There were two new papers on activation functions on Arxiv recently, and I thought it would be interesting to put them to the test along with GeneralRelu and of course ReLU.
In brief, the two new activation functions:
1 - Flattened threshold swish: A swish-like activation with near equivalent value for positive values (x*sigmoid(x) + threshold), and a fixed (flat) threshold for negative values. (x = threshold). Their recommended default for this threshold is -.2.
Paper: https://arxiv.org/abs/1812.06247
2 - Linear Scaled Hyperbolic Tangent - LiSHT - provides a parabola shape activation where negative values are scaled as their absolute value, and thus become positive. Code is simple: x = x *torch.tanh(x)
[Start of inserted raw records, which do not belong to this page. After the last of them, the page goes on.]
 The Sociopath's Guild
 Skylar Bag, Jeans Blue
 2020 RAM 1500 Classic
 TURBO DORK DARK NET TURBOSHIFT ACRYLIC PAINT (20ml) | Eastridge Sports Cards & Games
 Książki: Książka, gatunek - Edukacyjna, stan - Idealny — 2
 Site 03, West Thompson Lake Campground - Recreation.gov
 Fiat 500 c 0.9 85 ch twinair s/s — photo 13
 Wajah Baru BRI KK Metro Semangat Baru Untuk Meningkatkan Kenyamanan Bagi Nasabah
Paper: https://arxiv.org/abs/1901.05894#
3 - General ReLU - you already know this one, but Relu + mean shift + leak + clamping.
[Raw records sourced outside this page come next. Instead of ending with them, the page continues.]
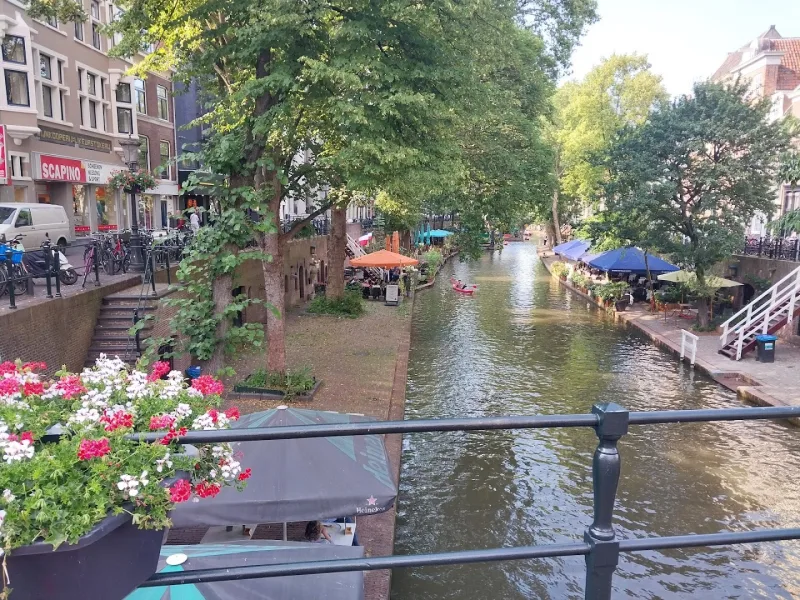Scapino Utrecht — foto 5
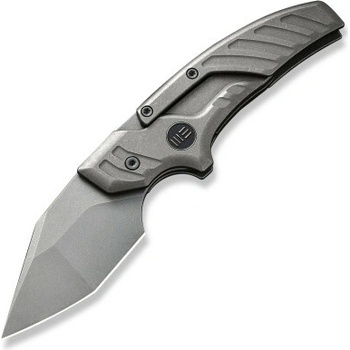 WE Knife Typhoeus Gray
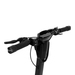 Vorago SC-500 scooter eléctrico 45 kmh Amarillo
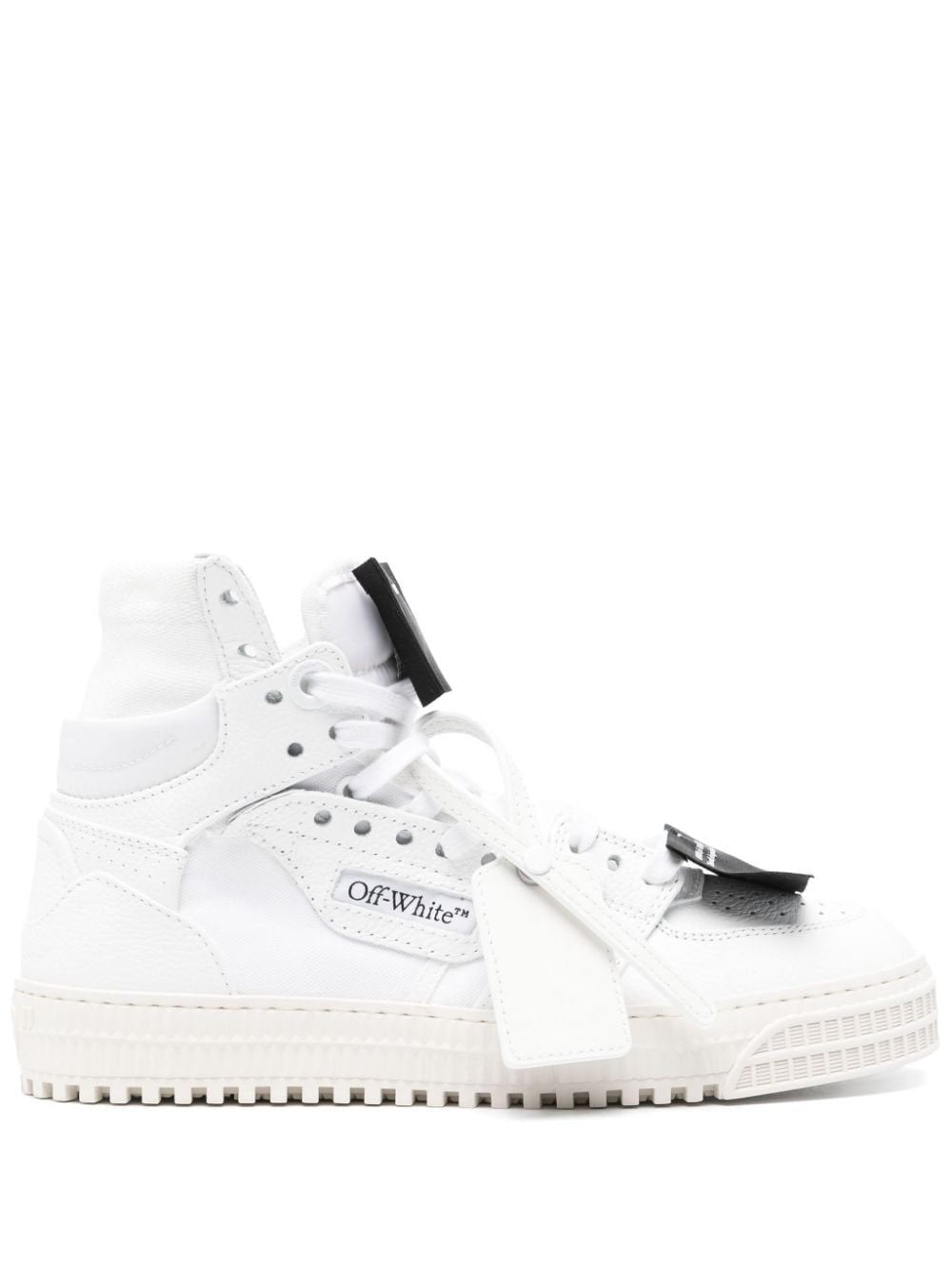 3.0 OFF COURT -  - OFF WHITE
4 - ReLU - used as the ‘baseline’ for comparison.
Results: After testing all four on ImageNette, (XResNet18, cyclical learning with lr=1e-2) for up to 40 epochs each, General Relu was the winner. However, I then decided to add mean shift + clamping to both LiSHT and FTSWish to make LiSHT+ and FTSwish+.
Clamping stabilized the training path (i.e. epoch accuracy gains were steadier) but ultimately ended up short in terms of final accuracy.
However - the mean shift on FTSwish+ turned out to be a very big improvement.
The mean shift was surprisingly, - .1.
After that, FTSwish+ took top place with - .2 threshold.
I then tested - .3 and - .4 which did well but not as well as - .2…
Finally, I tested with - .25 (as - .3 had done quite well and -.2 was the current winner), and that proved to be the final winner. The original paper found -.2 as the optimal threshold, but since it was for MNIST, I was not surprised to see a slightly larger threshold improve it for 3 channel images.
Here are the results:
One other bonus for FTSwish+ was the path per epoch was very smooth.
ReLU and GRelu for example both had epochs that were worse than a previous epoch…by contrast FTSwish+ was very smooth with progress every epoch and worst case the same - never a step backward. This was also true with LiSHT+, except it was never able to arrive at a competitive ending accuracy (I did let it run additional epochs to see what would happen, but it tended to stall out).
Here’s the code for FTSwish+ if you would like to try it:
class FTSwishPlus(nn.Module):
def __init__(self, threshold=-.25, mean_shift=-.1):
super().__init__()
self.threshold = threshold
self.mean_shift = mean_shift
#warning - does not handle multi-gpu case below
self.device = torch.device("cuda:0" if torch.cuda.is_available() else "cpu")
def forward(self, x):
#FTSwish+ for positive values
pos_value = (x*torch.sigmoid(x)) + self.threshold
#FTSwish+ for negative values
tval = torch.tensor([self.threshold],device=self.device)
#apply to x tensor based on positive or negative value
x = torch.where(x>=0, pos_value, tval)
#apply mean shift to drive mean to 0. -.1 was tested as optimal for kaiming init
if self.mean_shift is not None:
x.sub_(self.mean_shift)
return x